Local inventors' innovative light bulb puts rivals in shade
Academic and developer dream up LED bulb that is cheaper, more energy efficient and so durable they're offering a 10-year warranty
Hong Kong innovators have launched a new light-emitting diode (LED) light bulb that they say is cheaper and more durable than others on the market, and they're even offering a 10-year warranty on the product.
The airLED bulb is based on technology invented by Dr Lau Kei-may, chair professor at the Department of Electronic and Computer Engineering at the University of Science and Technology, and telecommunications developer James Wang.
The new bulb is said to be up to 25 per cent more energy efficient than other LED products and 85 per cent more than incandescent bulbs.
"The electricity bill may cost HK$80 to HK$90 a year for an incandescent bulb if you switch it on for three to four hours a day," said Eric Steinmeyer, chief operating officer of Cledos International, a company co-founded by Lau and Wang a year ago. "Ours only costs HK$10 a year."
He said it was safe to touch the light bulb even when it was switched on, as the light source stayed at room temperature - much cooler than incandescent or other LED bulbs.
The device emits light through a waffle-shaped plastic component that removes the need for transformers used in other LED products to transfer electricity between circuits.
The thin disc connects 64 chips with holes in between, allowing heat to dissipate quickly.
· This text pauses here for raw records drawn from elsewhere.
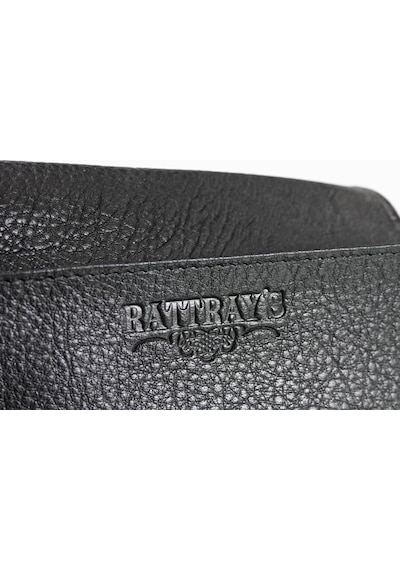Rattray's Black Knight Tobacco Pouch 1 Siyah Deri Pipo Tütün Kesesi 115470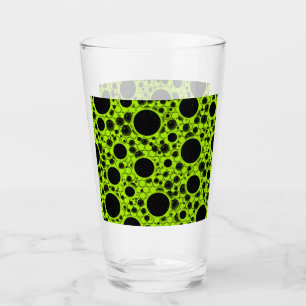 Space Bubble Spots - Lime Glass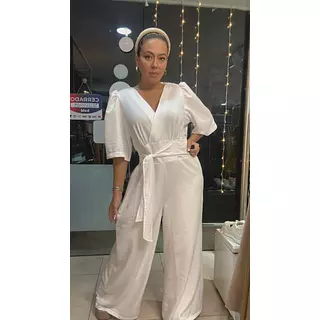 Enterizo Blanco Cruzado – Elegante Y Atemporal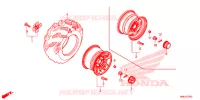 ROUE ARRIERE pour Honda FOURTRAX 520 FOREMAN RUBICON 4X4 AT DCT EPS DELUXE 2021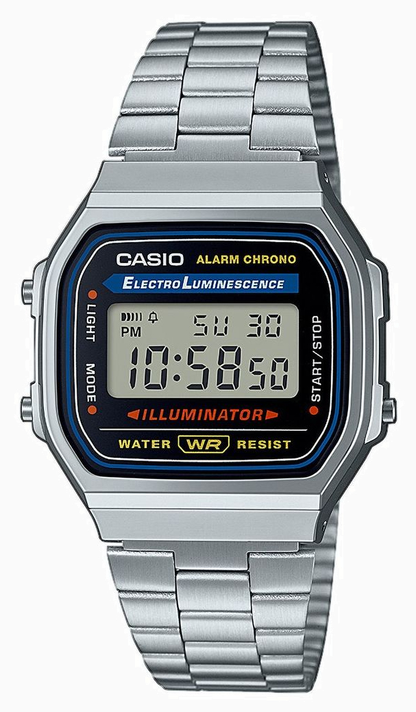 Casio Vintage Stainless Steel Bracelet Digital Watch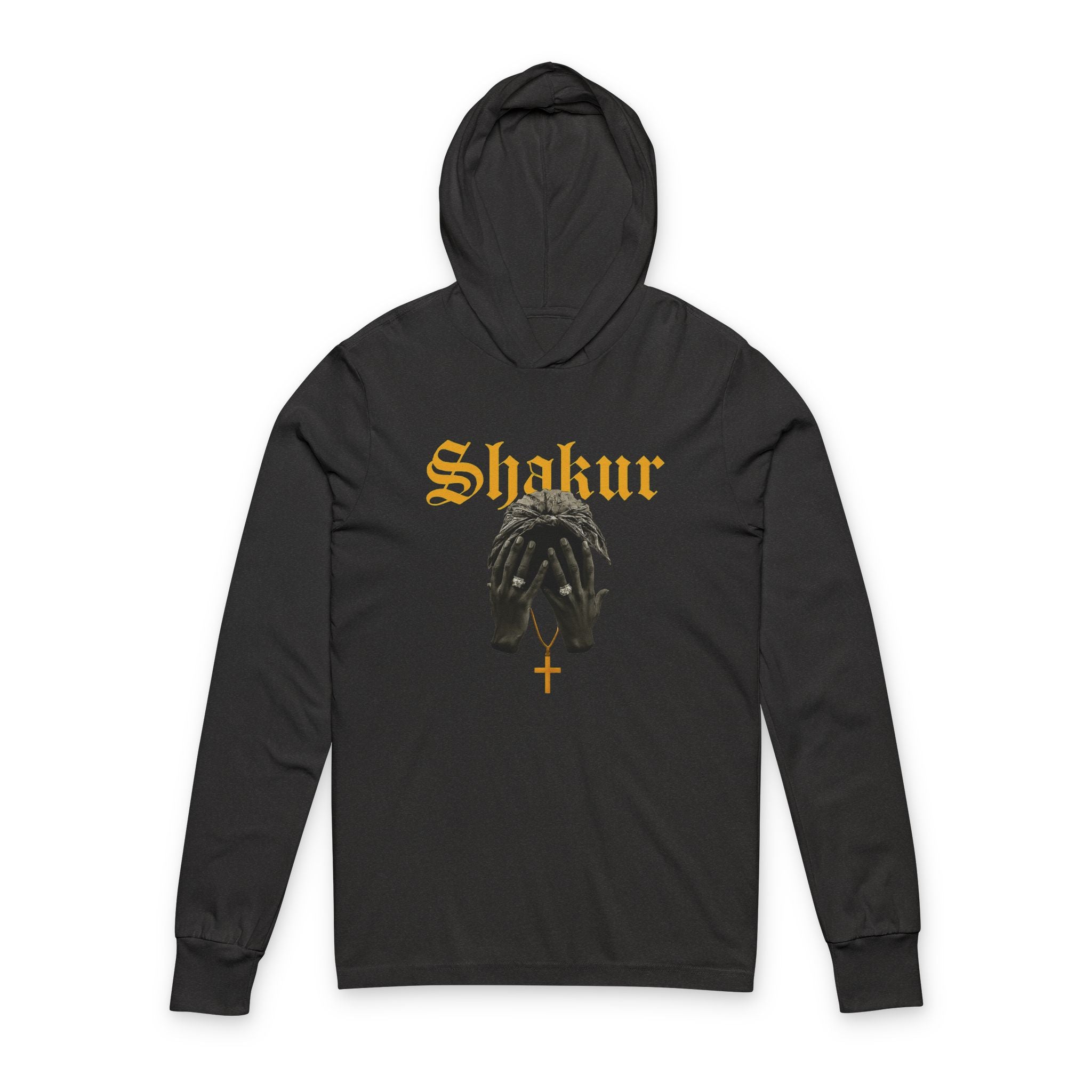 La unisex hooded long sleeve tee per ogni occasione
Lau said consumer concerns about cost and durability had dampened sales of LED bulbs, as some had been found to break easily. In the new product, the glass bulb is replaced by plastic and the number of components inside is reduced to five.
"There are a lot fewer things to break," she said.
Cledos also hopes the 10-year warranty and price will boost consumer confidence.
A bulb emitting as much light as a 40-watt incandescent one will cost HK$49, and a 60-watt equivalent HK$68.
In 2012, LED bulbs constituted 11 per cent of Hong Kong's lighting market, alongside incandescent and swirl-shaped compact fluorescent products, Steinmeyer said.
It is projected that by 2016, the market penetration of LEDs will increase to 46 per cent both in Hong Kong and globally.
"Hong Kong and China are leading in terms of adoption of LED technology," Steinmeyer said, adding that LED lighting was used slightly more in this part of the world than in the West.
With more competition to bring down prices and government measures around the world - including the mainland - aimed at phasing out traditional lighting, LEDs were set to dominate the market in the future, he said.
The bulbs are being manufactured on the mainland. Deals have been reached with retailers in Hong Kong and elsewhere but the company is looking for more.
Cledos is one of the 2,500 exhibitors at the International Lighting Fair, which runs at the Convention and Exhibition Centre in Wan Chai until tomorrow.